For a period of ten years, the Company and GTI are restricted from disclosing any confidential information (as defined in the New Agreement) to any person other than employees of affiliates or contractors who are required to deal with such information, and such persons will be bound by the confidentiality provisions of the New Agreement. The Company has further indemnified GTI and its affiliates from any liability or loss resulting from unauthorized disclosure or use of any confidential information that the Company receives.

 

The term of the New Agreement is the same as the Original Agreement, expiring on August 31, 2016, but may be extended for two additional ten-year periods at the Company’s option.

 

Note 5 – Consulting Agreement with Crystal Vision Energy

 

Effective January 1, 2013, the Company entered into a consulting services agreement (the “Agreement”) with Crystal Vision Energy Limited (“CVE”), pursuant to which CVE will provide strategic, executive leadership and management services for the Company and its China business platform. The Agreement replaces a prior services agreement that the Company had in place with CVE dated effective April 1, 2012. The Agreement includes providing representatives for a steering committee to advise on the Company’s China business (“SES China”) and providing a managing director to advise and consult as to the management of such business.
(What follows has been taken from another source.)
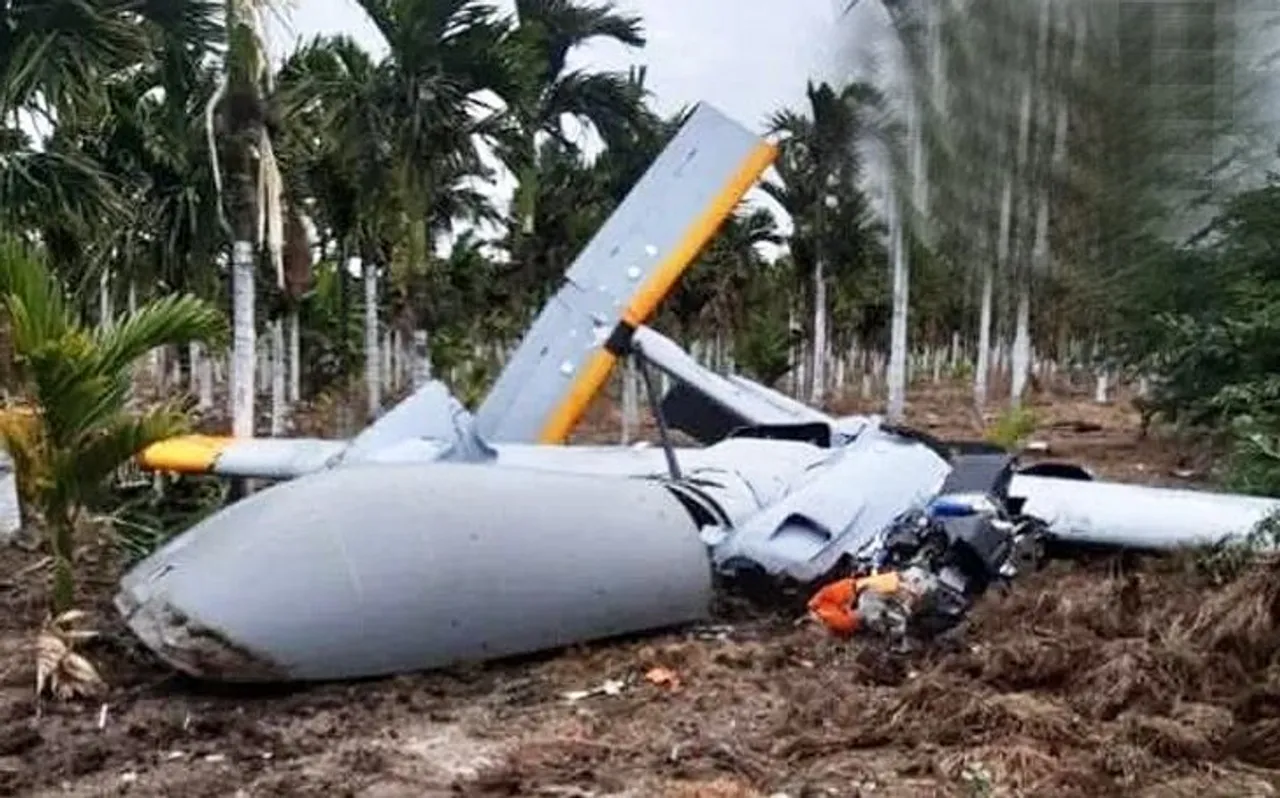 DRDO का अनमैन्ड एरियल व्हीकल  TAPAS 04 कर्नाटक में टेस्ट के दौरान हुआ Crash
The Agreement has a term of two years, ending on December 31, 2014, but is terminable by (i) either party on 30 days’ notice at any time after November 30, 2013 and (ii) the Company at any time without further obligation with cause (as defined in the Agreement).

  

Under terms of the Agreement, CVE will provide executive leadership and management services focused upon delivering key objectives for SES China over the next 12 months, including (i) restructuring of the ZZ Joint Venture plant; (ii) development of methanol sales from the Yima Joint Venture plant; and (iii) delivering SES China subsidiary level funding and financing required for acquisition initiatives currently under development by SES China. In addition, CVE will assist SES China to secure a full time chief executive officer with significant experience in managing an infrastructure business in China, as well as successfully executing and integrating mergers and acquisitions. The Company has a senior level executive steering committee for SES China, led by Colin Tam of CVE, which reports to the Company’s chief executive officer. As part of the services provided by CVE, Stephen Chow, a representative of CVE, is acting as the Managing Director of SES China.

  

CVE receives a monthly services fee of $150,000 plus expense reimbursement, $100,000 of which is payable in cash each month and the remaining $50,000 accrues monthly and is payable quarterly in common stock. CVE is also entitled to incentive warrants upon signing and in February 2014 if the Agreement is still in effect. In connection with fundraising on behalf of the Company, CVE is entitled to a success fee for the total of any investment from a third party (subject to certain exclusions) for use in China, or directly invested into the Company’s China business. In addition, CVE can receive a carried interest in any joint venture formed by the Company with a strategic investment partner (as defined in the Agreement).

 

In the event that funding of capital raised by CVE of at least $15,000,000 has not been approved by the Company’s board of directors by June 30, 2013, the Company shall have the right to request a review of the scope of the services for the remainder of the term and CVE shall then have 30 days to provide funding of capital to the Company in an amount between $300,000 and $1,000,000. In the event the funding is provided by CVE or its nominee within such 30 day period, the scope of the services for the remainder of the term shall remain unchanged. In the event that, within such 30 day period, (i) CVE or its nominee fails to provide the funding, or (ii) CVE and the Company are unable to mutually agree on the scope of the services going forward, then (1) the cash portion of the services fee will be $50,000 monthly and the remaining $50,000 will be accrued on a monthly basis until the capital is funded. A warrant to purchase up to 1,200,000 shares of the Company’s common stock with an exercise price of $1.50 was granted in February 2013 and becomes vested and fully exercisable on December 31, 2013 and has a term of five years. In addition, the Company will grant a warrant to purchase up to 1,200,000 shares of the Company’s common stock with an exercise price of $1.50 on or before February 15, 2014 and such warrant will become vested and fully exercisable on December 31, 2014 and has a term of five years. If the Agreement is terminated prior to February 15, 2014, the warrant due to be granted in 2014 shall not be issued to CVE. These warrants to CVE are collectively referred to as the “CVE Incentive Warrants”.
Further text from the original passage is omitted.